▶ _Data for processing_:
————————

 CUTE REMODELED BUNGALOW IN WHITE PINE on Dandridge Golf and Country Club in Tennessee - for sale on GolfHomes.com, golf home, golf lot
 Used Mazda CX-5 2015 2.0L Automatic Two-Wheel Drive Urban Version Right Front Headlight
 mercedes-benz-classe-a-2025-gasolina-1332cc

————————

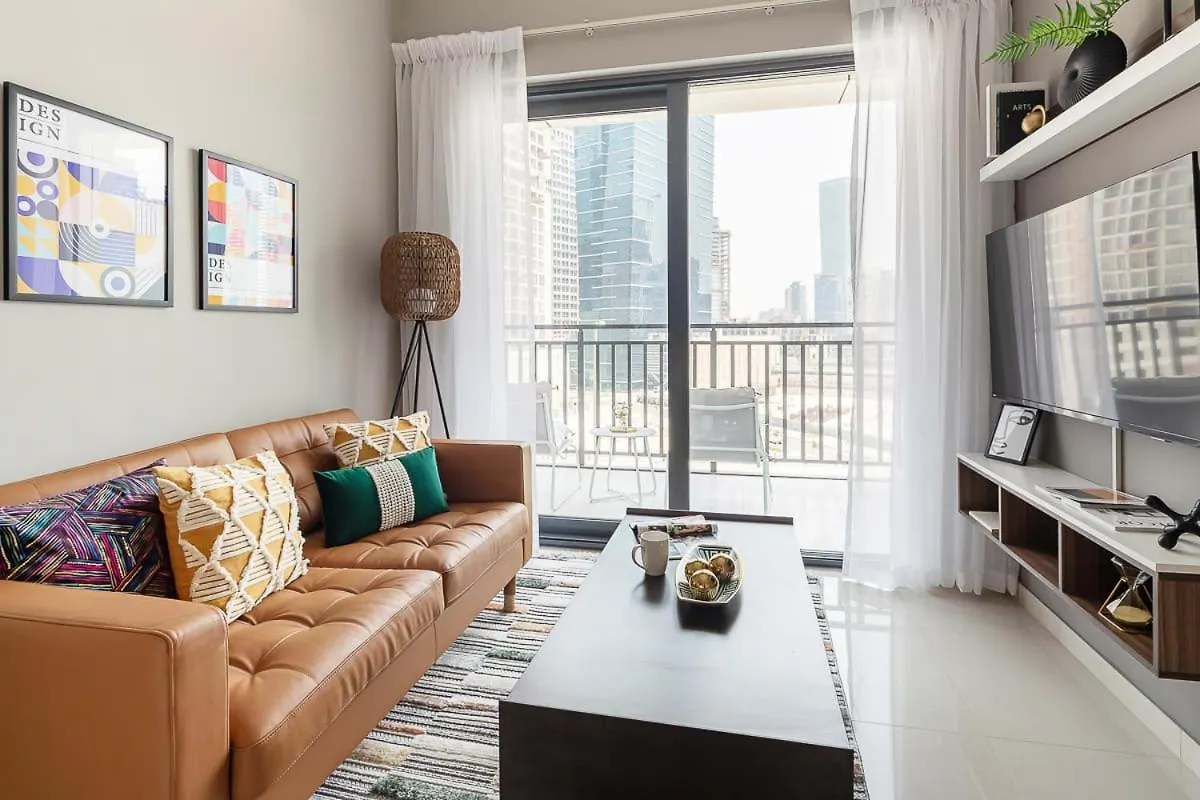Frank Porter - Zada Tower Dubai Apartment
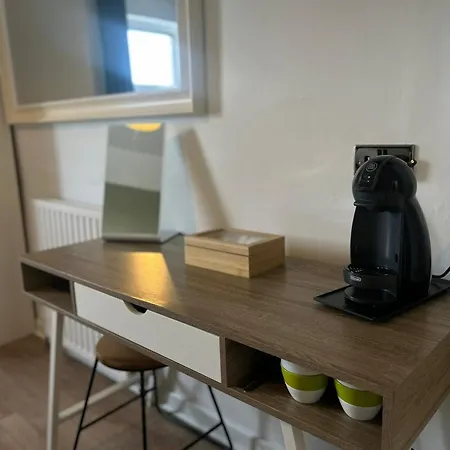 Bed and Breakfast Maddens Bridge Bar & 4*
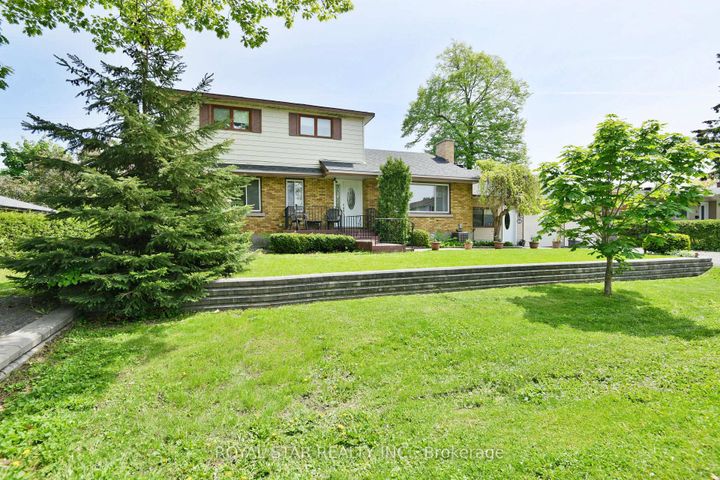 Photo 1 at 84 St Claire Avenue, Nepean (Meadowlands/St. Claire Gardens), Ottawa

————————

▶ _What you should do_: Only the lines above from the line containing "CUTE REMODELED BUNGALOW" through the line containing "Used Mazda CX-5" should be retyped, exactly and with both ends included.

▶ _The completed task_:
 CUTE REMODELED BUNGALOW IN WHITE PINE on Dandridge Golf and Country Club in Tennessee - for sale on GolfHomes.com, golf home, golf lot
 Used Mazda CX-5 2015 2.0L Automatic Two-Wheel Drive Urban Version Right Front Headlight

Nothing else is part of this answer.